あれはやはり,社内的に「行くぞ!」みたいな空気はあったんですか?
松枝正樹氏(以下,松枝氏):
コンシューマ中心の会社にはありがちだと思うんですが,最初はやはり,「モバイルでやって売れるの?」といった懐疑的な目は社内に多かったですね。その中でなんとかローンチに持ってこれたかな,と。
田中氏:
僕もゲーム会社にいたから分かるんですが,みんなモバイルはあんまりやりたがらないんですね。派手なCGとかに憧れてゲームクリエイターになった人が多いので。「5のボタンを連打すると絵が変わるだけやん」みたいな。その空気は,今どうなりましたか?
松枝氏:
確かにそういう空気はありました。「5のボタン連打するだけで何が楽しいの?」みたいな。
田中氏:
ところが,これが楽しいんですよね(笑)。これは吉田さんの発明だと思いますが。
安藤氏:
すいません,また質問していいですか? 僕はコーエーテクモさんのゲームがとても好きで,人生ベストテンの半分くらいはコーエーテクモさんの家庭用ゲームなんですよ。それで,「三国志」と「信長の野望」って,似ているじゃないですか。でも100万人シリーズにおいては,「100万人の信長の野望」と,「100万人の三国志」って結構中身が違うじゃないですか。あれは,わざと違うようにしたんですか?
松枝氏:
意図的に変えた,というのはあります。開発のスタート時期は違うんですが,ローンチのタイミングが近いということもあって,ならば違う路線で行こうと。
安藤氏:
いろいろ作りながらいろんな反応を見たい時期だったから変えた,と。
田中氏:
結果的にどっちが正解でした?
松枝氏:
どっちもよかったですよ。
田中氏:
優等生の回答ですね(笑)。
それはそうと,安藤さんに聞きたいんですが,スクエニさんは最初の頃,日本の携帯向けのゲームで結構コケて,「ざまあみろ」とか思ってたんですが,最近「ケイオスリングス」のようにスマートフォンで大成功してますよね。やはり,そういう売り切りダウンロード販売の作品のほうが得意,ということなんでしょうか。
安藤氏:
ソーシャルゲームを作ってて思うのは,SNSって名前のとおり「サービス」じゃないですか。ゲームとサービスって,厳密に言えば全然質が違うものだと思ってるんです。僕らがゲームの良さを一番出せるのは,やはりスタンドアロンのゲームなので,そうなるとダウンロードアプリのほうがいいなと思って作り始めました。

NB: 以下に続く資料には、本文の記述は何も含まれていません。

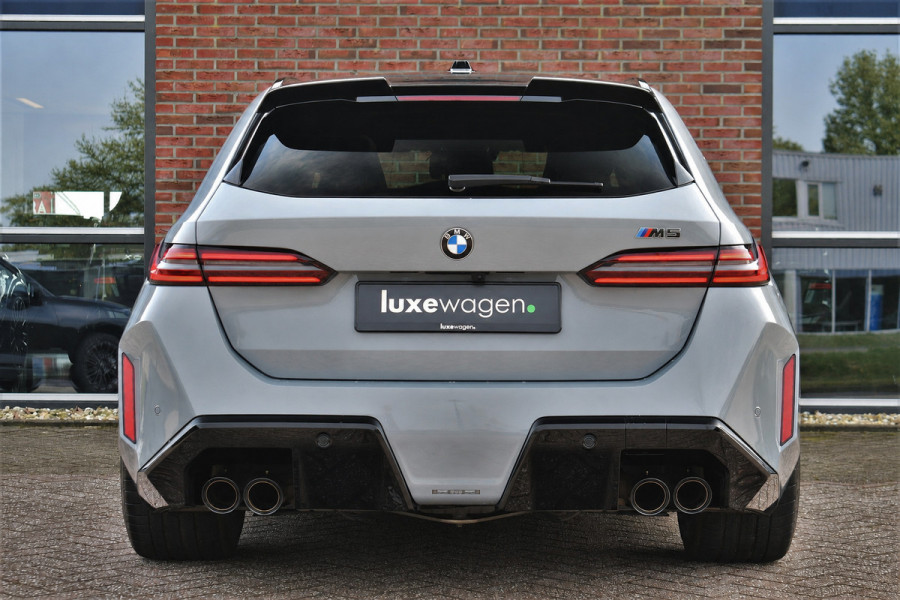 BMW M5 Touring | Kreidegrau Ind. | Ultimate Pack | Keramisch | Pano | Trekh | B&W | DA+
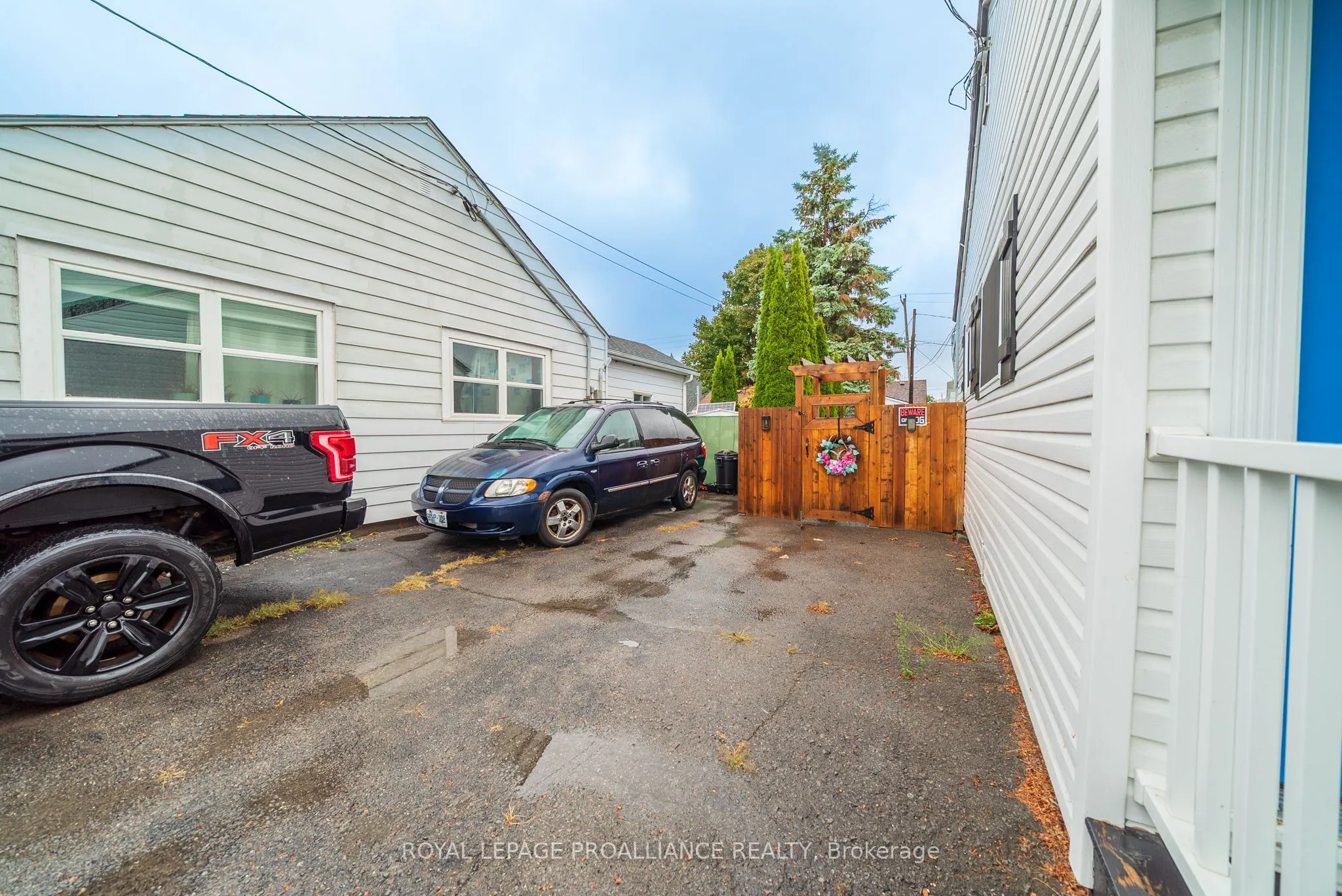 1 Kerr Crescent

ケイオスリングスもご好評いただいてるんですけど,すごくジレンマもあって,要するにコンシューマと同じような体験を携帯電話でできるというのは良かったんですが,売価をどうしても高くつけられないんですよ。
田中氏:
かなり強気に値段つけても安いですよね。
安藤氏:
今,ケイオスリングスの1が1100円,オメガが1300円,FFのタクティクスが1800円とかなんですよ。だから15か国で1位取って,お陰さまで,ある程度の収益は上がったとはいえ,とあるSNSゲームに1日で売り上げを超えられてしまう。面白いものを作って,この路線を続けていこうという気持ちはありますけど,やはり,切なさみたいなものはありますね。
これまでのプロモーション方法との違い
さて,プロモーションという話なんですが。
これも,自分達がやっていてジレンマなんですが,今まで家庭用ってスタートダッシュがすべてなので,かっこいいPVを見せて,CM打ってと,ある意味,出た時点でもう終わりじゃないですか。でもソーシャルの場合,テレビCMを打つにしても,ゲームが流行ってから打ったりしています。このあたり,各社どのように考えられてますか?
吉田氏:
テレビCMをはじめ,いろんなプロモーションを活用してはいるんですが,サービスとして熱量が溜まってきたところで,このまま継続できると判断してからプロモーションを打つようにしています。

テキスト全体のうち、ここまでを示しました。